Streams, canals and wells irrigate only about 15% of the total agricultural land in Karnataka. Farmers in 85% of the cultivated land depend entirely on rainfall. Droughts being a frequent phenomenon, a need to develop measures to conserve both surface and subsurface water was felt.

During the year 1985-86 the surface water conservation aspect was studies with reference to dry land agriculture. The study was conducted at 'Ungra' village using a farm pond. This pond was dug to ensure supply of water to rainfed crops at crucial stages of growth. A comparison between yields of ragi gram in these plots and in those which depended on rain alone, revealed that the grain and straw yield was more, by 60 to 80 percent irrespectively in the irrigated plots.
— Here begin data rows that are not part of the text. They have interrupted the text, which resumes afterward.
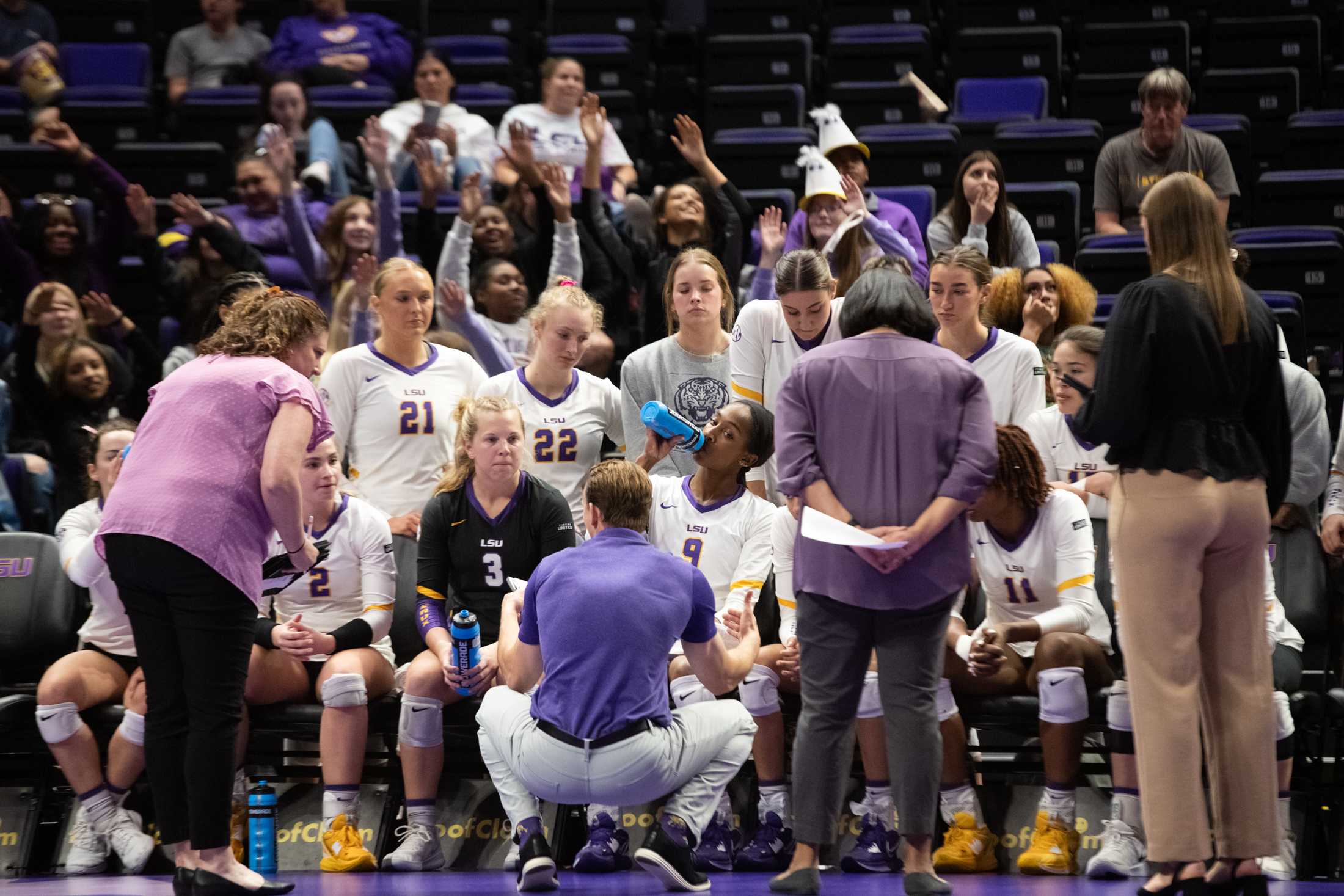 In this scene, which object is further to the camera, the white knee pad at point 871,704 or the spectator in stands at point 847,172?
the spectator in stands at point 847,172

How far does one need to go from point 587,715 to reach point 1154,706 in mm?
1470

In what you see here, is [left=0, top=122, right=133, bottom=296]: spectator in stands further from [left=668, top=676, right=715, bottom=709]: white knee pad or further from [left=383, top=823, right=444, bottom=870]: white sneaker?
[left=668, top=676, right=715, bottom=709]: white knee pad

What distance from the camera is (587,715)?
409cm

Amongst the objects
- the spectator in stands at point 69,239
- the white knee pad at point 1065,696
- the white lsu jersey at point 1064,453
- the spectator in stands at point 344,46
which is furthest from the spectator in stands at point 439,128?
the white knee pad at point 1065,696

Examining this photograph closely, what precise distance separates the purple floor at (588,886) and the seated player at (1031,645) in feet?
0.53

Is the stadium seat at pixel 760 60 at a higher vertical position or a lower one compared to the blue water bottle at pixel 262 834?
higher

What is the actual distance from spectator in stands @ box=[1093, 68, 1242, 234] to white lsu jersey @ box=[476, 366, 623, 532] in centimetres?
314

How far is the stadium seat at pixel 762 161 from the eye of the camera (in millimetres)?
8453

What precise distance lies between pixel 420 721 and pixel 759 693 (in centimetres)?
109

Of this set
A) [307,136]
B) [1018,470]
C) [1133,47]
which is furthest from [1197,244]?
[307,136]

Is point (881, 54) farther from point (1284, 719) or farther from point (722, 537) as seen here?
point (1284, 719)

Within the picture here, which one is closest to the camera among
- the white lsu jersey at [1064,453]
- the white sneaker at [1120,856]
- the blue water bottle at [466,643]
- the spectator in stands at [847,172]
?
the white sneaker at [1120,856]

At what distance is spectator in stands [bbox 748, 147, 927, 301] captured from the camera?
6047mm

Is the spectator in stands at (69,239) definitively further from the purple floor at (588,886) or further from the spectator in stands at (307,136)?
the purple floor at (588,886) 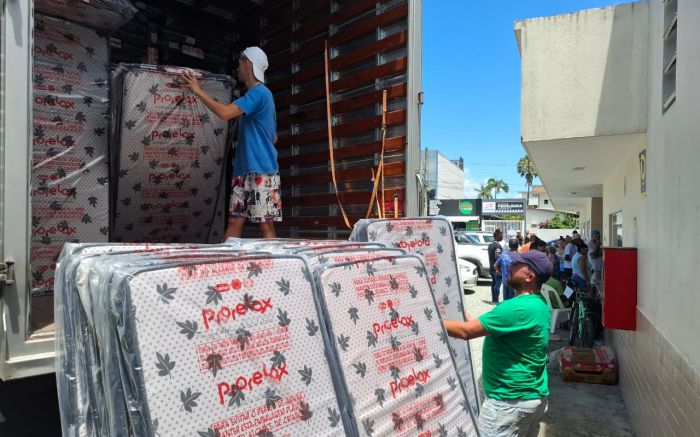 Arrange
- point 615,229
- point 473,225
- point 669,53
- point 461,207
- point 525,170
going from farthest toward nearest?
point 525,170 < point 461,207 < point 473,225 < point 615,229 < point 669,53

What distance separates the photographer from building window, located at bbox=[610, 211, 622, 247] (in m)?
7.75

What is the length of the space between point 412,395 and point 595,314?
684cm

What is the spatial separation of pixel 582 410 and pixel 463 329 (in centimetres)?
377

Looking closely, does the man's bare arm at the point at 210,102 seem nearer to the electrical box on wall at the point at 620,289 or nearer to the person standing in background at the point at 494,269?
the electrical box on wall at the point at 620,289

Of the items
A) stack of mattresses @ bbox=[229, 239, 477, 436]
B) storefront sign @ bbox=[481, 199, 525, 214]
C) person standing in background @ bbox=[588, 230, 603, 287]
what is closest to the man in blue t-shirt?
stack of mattresses @ bbox=[229, 239, 477, 436]

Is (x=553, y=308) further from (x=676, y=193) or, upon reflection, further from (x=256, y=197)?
(x=256, y=197)

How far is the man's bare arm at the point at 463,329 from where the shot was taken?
2.51 metres

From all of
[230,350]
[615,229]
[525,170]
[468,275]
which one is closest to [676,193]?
[230,350]

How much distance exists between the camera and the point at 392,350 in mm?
1745

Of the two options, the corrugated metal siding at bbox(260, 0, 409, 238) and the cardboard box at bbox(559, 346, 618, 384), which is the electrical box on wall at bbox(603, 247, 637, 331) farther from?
the corrugated metal siding at bbox(260, 0, 409, 238)

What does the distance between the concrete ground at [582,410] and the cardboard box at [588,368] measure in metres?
0.07

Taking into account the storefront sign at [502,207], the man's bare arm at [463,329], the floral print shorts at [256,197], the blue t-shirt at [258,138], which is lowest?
the man's bare arm at [463,329]

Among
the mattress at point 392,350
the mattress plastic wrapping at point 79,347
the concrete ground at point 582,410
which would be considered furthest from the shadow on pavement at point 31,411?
the concrete ground at point 582,410

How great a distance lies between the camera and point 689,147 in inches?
115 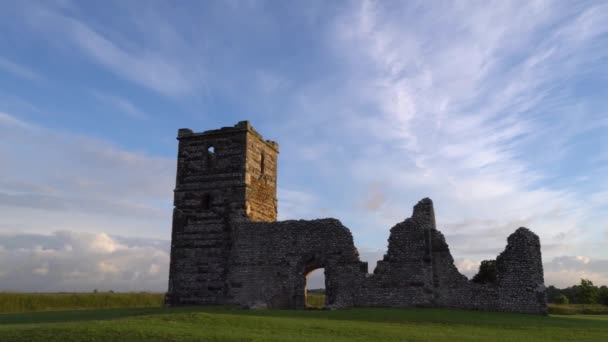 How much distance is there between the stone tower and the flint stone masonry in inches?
1.8

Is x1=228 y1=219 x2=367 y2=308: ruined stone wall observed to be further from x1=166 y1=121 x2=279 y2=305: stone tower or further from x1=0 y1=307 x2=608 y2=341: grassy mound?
x1=0 y1=307 x2=608 y2=341: grassy mound

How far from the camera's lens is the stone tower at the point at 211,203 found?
22.8 meters

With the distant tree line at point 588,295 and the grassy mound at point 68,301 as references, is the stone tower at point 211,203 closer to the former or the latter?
the grassy mound at point 68,301

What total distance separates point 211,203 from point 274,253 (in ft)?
13.1

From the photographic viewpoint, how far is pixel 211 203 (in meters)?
23.6

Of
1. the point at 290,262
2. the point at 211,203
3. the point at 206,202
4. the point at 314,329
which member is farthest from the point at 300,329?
the point at 206,202

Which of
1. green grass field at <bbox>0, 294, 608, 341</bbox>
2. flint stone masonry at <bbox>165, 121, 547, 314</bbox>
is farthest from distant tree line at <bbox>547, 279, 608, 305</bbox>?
green grass field at <bbox>0, 294, 608, 341</bbox>

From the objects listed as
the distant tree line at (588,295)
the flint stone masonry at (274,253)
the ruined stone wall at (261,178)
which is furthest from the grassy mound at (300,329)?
the distant tree line at (588,295)

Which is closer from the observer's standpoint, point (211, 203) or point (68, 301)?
point (211, 203)

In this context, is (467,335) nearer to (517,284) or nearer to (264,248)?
(517,284)

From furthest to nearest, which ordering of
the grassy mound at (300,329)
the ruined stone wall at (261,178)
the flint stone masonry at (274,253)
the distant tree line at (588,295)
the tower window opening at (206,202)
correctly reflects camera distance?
the distant tree line at (588,295) → the tower window opening at (206,202) → the ruined stone wall at (261,178) → the flint stone masonry at (274,253) → the grassy mound at (300,329)

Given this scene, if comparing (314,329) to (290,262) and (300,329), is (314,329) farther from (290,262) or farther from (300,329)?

Allowing for the cost of excavation of pond, the loss of crop revenue from the area occupied by the pond, and ignoring the fodder value of the increased straw yield, the net benefit was the order of Rs. 300 per hectare. If the seepage and evaporation losses could be reduced, the same pond could
irrigate more area. The project was further pursued on the following two lines:

A. An analytical study on farm ponds as surface water conservation structures, for regular or life saving irrigation, for dry crops was undertaken, and

B. (b) An experimental study on the effect of land treatment on ground water recharge, was also carried out.